Atoms vs. Bits: Why Every Founder Should Build Both

Key Takeaways

  • The Divide: Silicon Valley loves software (Bits) because it scales. The real world runs on physical goods (Atoms).
  • The Lesson: Building software teaches you speed. Building physical products teaches you quality.
  • The Synthesis: The best brands of 2026 will be "Hybrid"—physical goods with software-like community loops, or software with the soul of a luxury good.
  • My Experience: How shipping a linen shirt improved my code, and how coding an app improved my supply chain.

In the startup world, there are two tribes.

The "Bits" tribe (SaaS, AI, Crypto) believes that if it cannot be scaled to a million users with zero marginal cost, it is not a business. They value speed, iteration, and "breaking things."

The "Atoms" tribe (Fashion, Hardware, CPG) believes in the tangible. They value craft, texture, and durability. You cannot "iterate" a shirt once it is in the customer's hands.

I belong to both tribes. I run a fashion brand (HACOY) and I build software (Milio, Energy Apps).

Most people tell you to pick one. "Focus," they say.

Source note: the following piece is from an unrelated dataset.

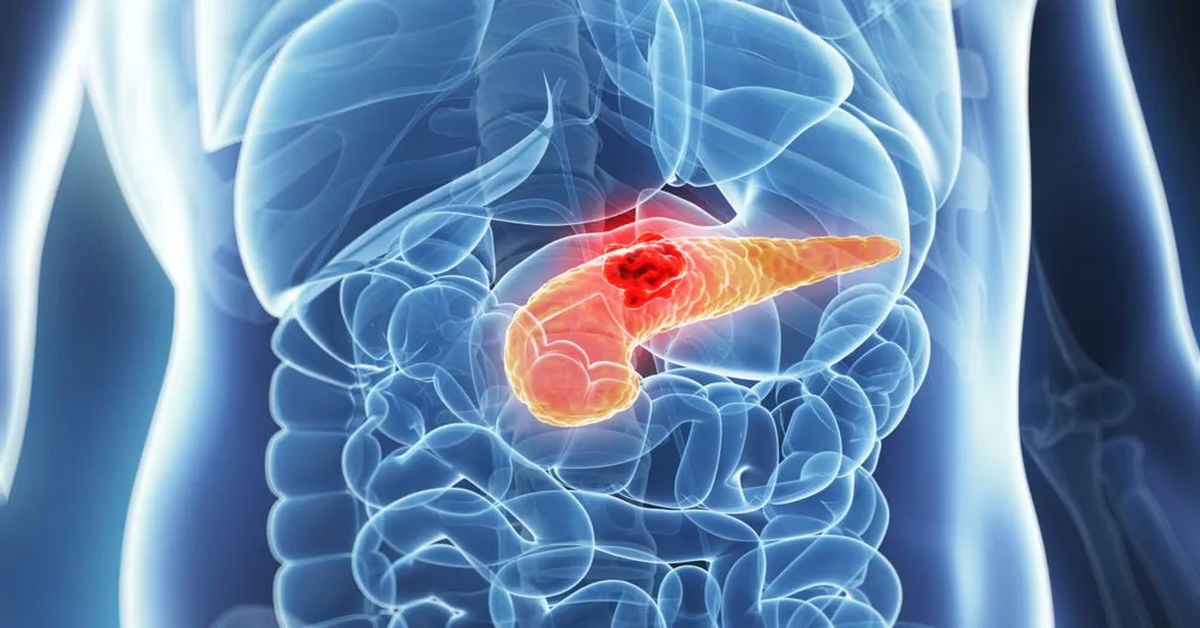 Pankreas Kanseri Ameliyatı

I disagree. I believe that building in both worlds gives you a competitive advantage that a specialist will never have. Here is why every founder should try to ship at least one physical thing and one line of code.

01. What Atoms Teach Bits (The Gravity of Quality)

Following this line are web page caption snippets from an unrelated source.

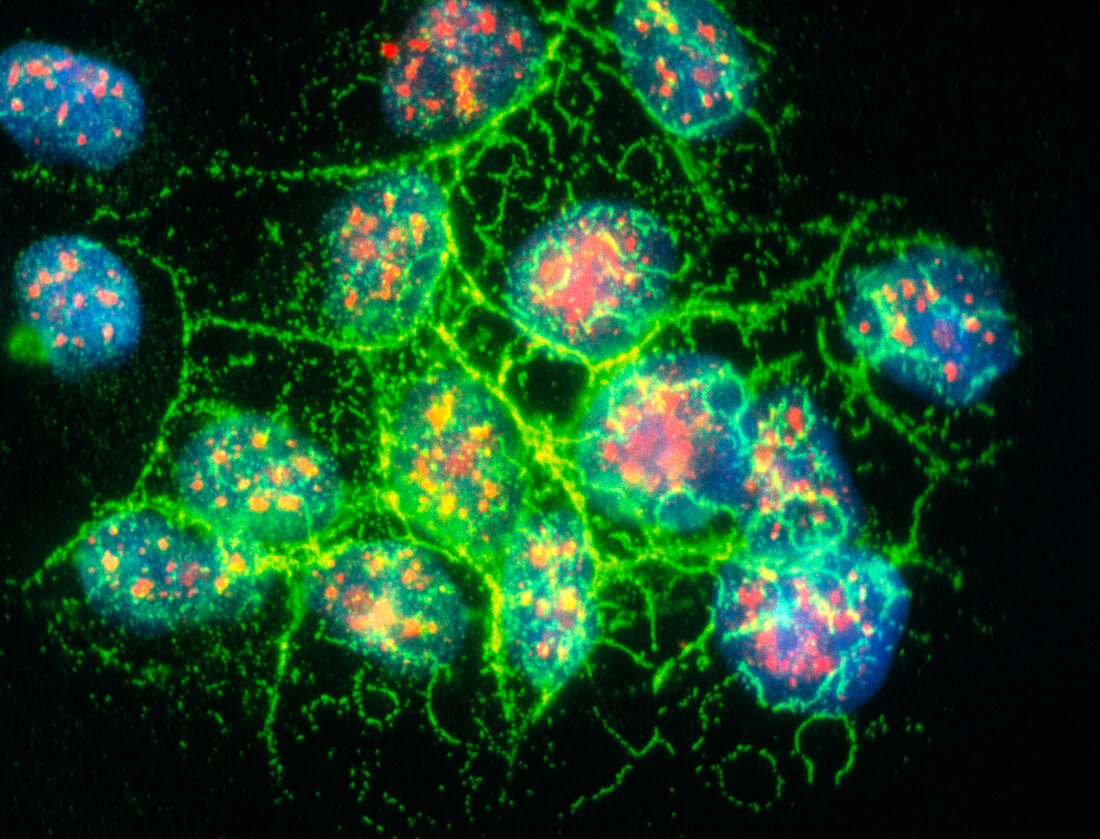 Immunofluorescent LM of lung cancer cell culture
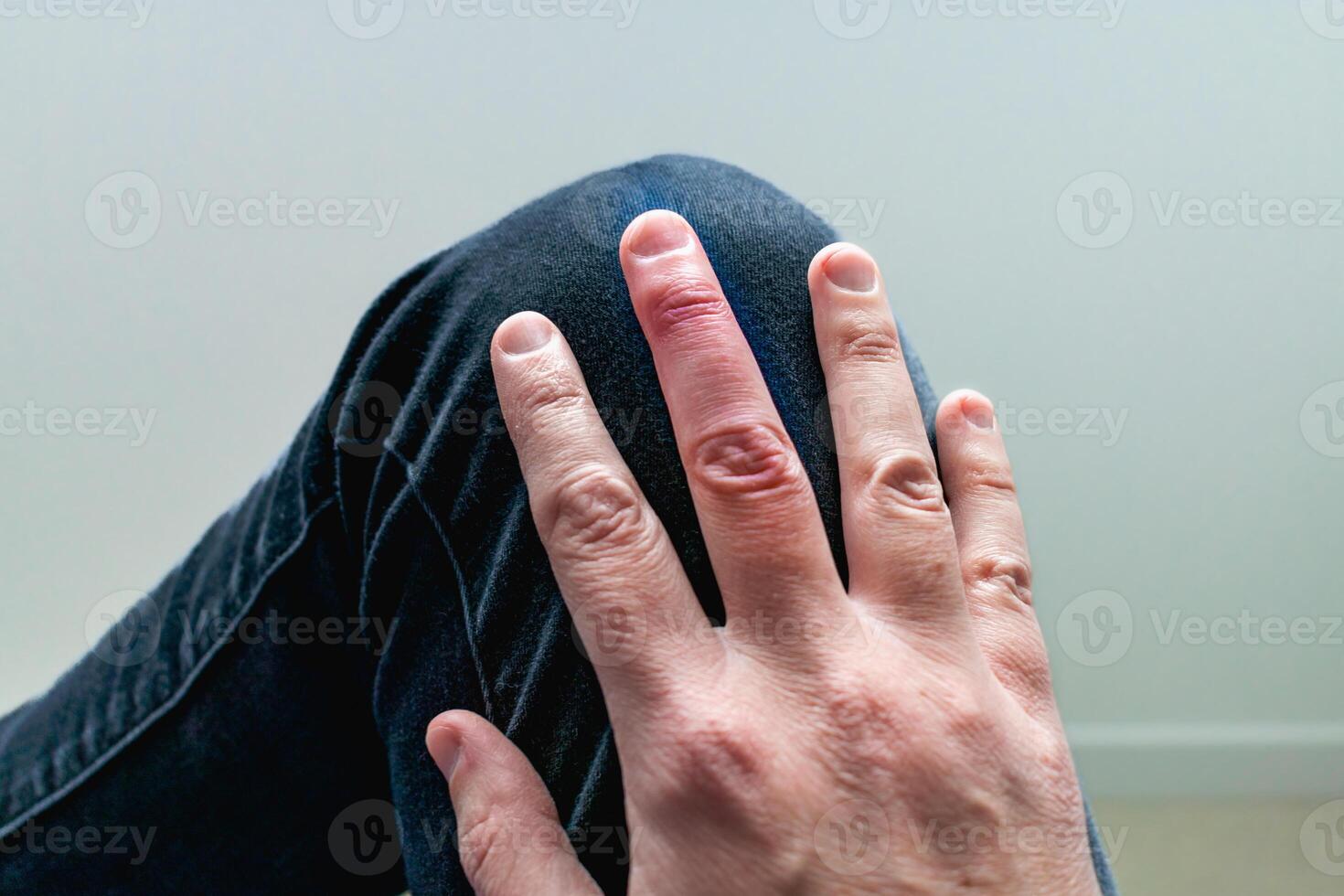 Mallet finger healing after splint removal from middle finger following joint trauma photo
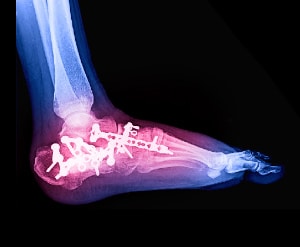 Foot pain diagram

In software, we have become lazy. "Ship it now, patch it later." If there is a bug, we push an update.

In fashion, there are no patches. If I ship a shirt with a torn seam, that customer is gone forever. The physical world has gravity. It demands perfection on the first try.

Bringing this mindset to software is powerful. When I build tools now, I don't just want them to "work." I want them to feel finished. I want the UI to have the "texture" of a well-made garment.

02. What Bits Teach Atoms (The Speed of Feedback)

Fashion is slow. You design a collection in January to sell it in August. The feedback loop is 6 months long.

Software is instant. You deploy, you see analytics, you adjust.

I apply this "SaaS thinking" to HACOY. We don't do massive seasonal drops anymore. We do "Sprints." We release small batches, measure the response immediately (like a software A/B test), and then iterate. We run our supply chain like a codebase: modular, efficient, and constantly refactored.

03. The Hybrid Future

The most interesting companies of the next decade won't be "just" software or "just" brands.

  • Whoop is a strap (Atoms) that sells data (Bits).
  • Tesla is a car (Atoms) that is actually a computer (Bits).
  • HACOY is clothing (Atoms) designed for Energy Management (a system).

If you are a software founder, go try to manufacture a coffee mug. You will learn respect for logistics.

If you are a brand founder, go try to code a landing page. You will learn the power of leverage.

The Verdict

Don't let investors box you into a category. The magic happens in the middle.

Build things you can touch. Build things you can click.

The principles of quality are universal.